I am a Unitarian-Universalist lay preacher. I gave 12 sermons—annually from 2005 to 2016—to the Community Unitarian Universalists in Brighton. This post is my April 3, 2011 sermon “A Spiritual Autobiography.” This brings to 11 those that are posted on this blog. The others are:

Below is the newly edited text. This sermon only gives my spiritual journey from my birth in 1960 to 2011.

At the bottom of this post are links to some of my other posts on religion. I began blogging in 2012; a large part of my spiritual journey since I gave this sermon is laid out here on my blog.


In line with the democratic spirit of Unitarian-Universalism, I believe that it would be a good thing for Unitarian-Universalist congregations to increase the number of opportunities, and the encouragement, for members of the congregation to speak to the congregation. In addition to giving everyone a chance to hear many viewpoints, this has the benefit of allowing everyone to get to know each other better. 

One problem with this idea of rotating speaking opportunities and assignments among congregation members is that many people are terrified of public speaking. So it is important to develop patterns for talks that are both reasonably interesting and easy to prepare and give. One example of an easy form of talk to give is the “spiritual autobiography”: a more or less chronological account of one’s religious quest that draws a few morals along the way. At least, as long as one’s memory is reasonably intact, a spiritual autobiography does not require a lot of outside research! And so many Unitarian-Universalists are refugees from some other religious tradition, or have faced deep soul-searching within this religious tradition, that there are many fascinating stories to be told.

In giving an account of my own spiritual journey, there are at least four thematic threads to follow along the way: us versus them, mystical experience, the spiritual affects of ambition, and the quest for hidden wisdom. 

I grew up in Madison, Wisconsin, far from the center of the Mormon Church to which my family belonged. When I was young, I had only a dim awareness of any religious difference between my family and others in Madison—partly because, outside of church, people didn’t talk about religion very much.  I remember being surprised when listening to “Jesus Christ Superstar” at my friend’s house to learn that, as a Jew, he didn’t believe in Jesus Christ as the Son of God. It simply hadn’t occurred to me that not everyone believed that. 

One practical religious difference was that, as Mormons, we had more meetings than most other religions. I remember being embarrassed to explain to my friends about a weekday children’s meeting, not because it was religious, but because I felt I was almost too old to be going to that meeting. 

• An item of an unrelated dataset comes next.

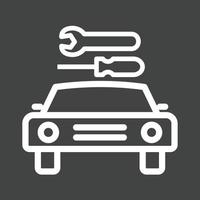 Car Repair II Line Inverted Icon vector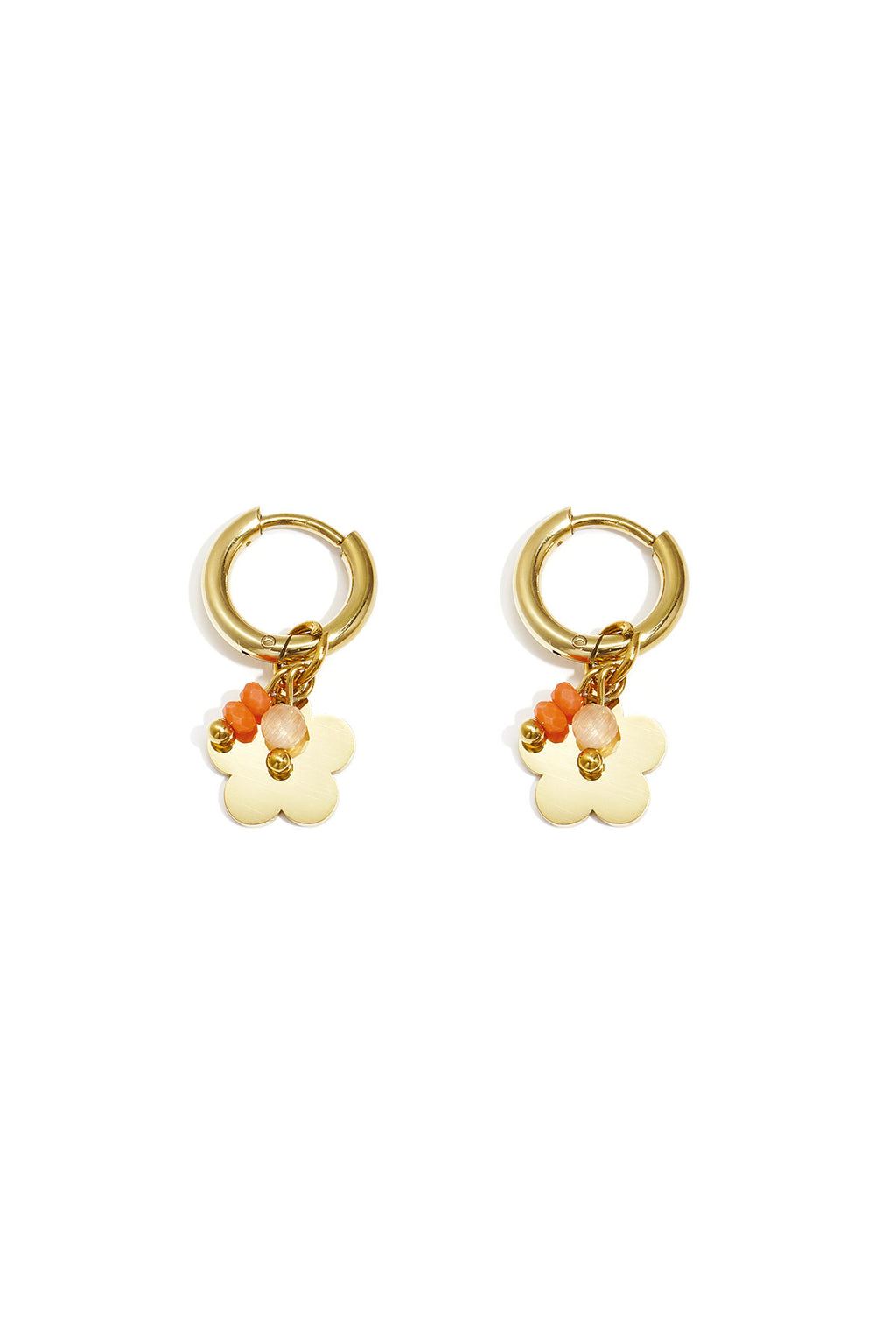 Boucles d'oreilles avec fleur pendante et perles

I would not make it very far on American Idol, but I was not very old when my mother got me to sing a solo in Church. The song was called “A Mormon Boy,” and it had the refrain “I might be envied by a King, for I am a Mormon boy.” Of course there was no reason for any king to envy a Mormon boy, since Mormons would welcome any king who wanted to convert to Mormonism. When I look back, the interesting thing about that song is the sense of social inferiority it hints at. Mormonism is considered a weird, fringe religion that most Americans look down on, however much they may like individual Mormons. The awareness, at some level, that others look down on Mormons causes Mormons to have an inferiority complex they are not fully aware of, and to be very proud of those Mormons who are successful in the world at large, especially celebrities. If you don’t believe me, you only have to Google the website famousmormons.net, which scratches this itch. 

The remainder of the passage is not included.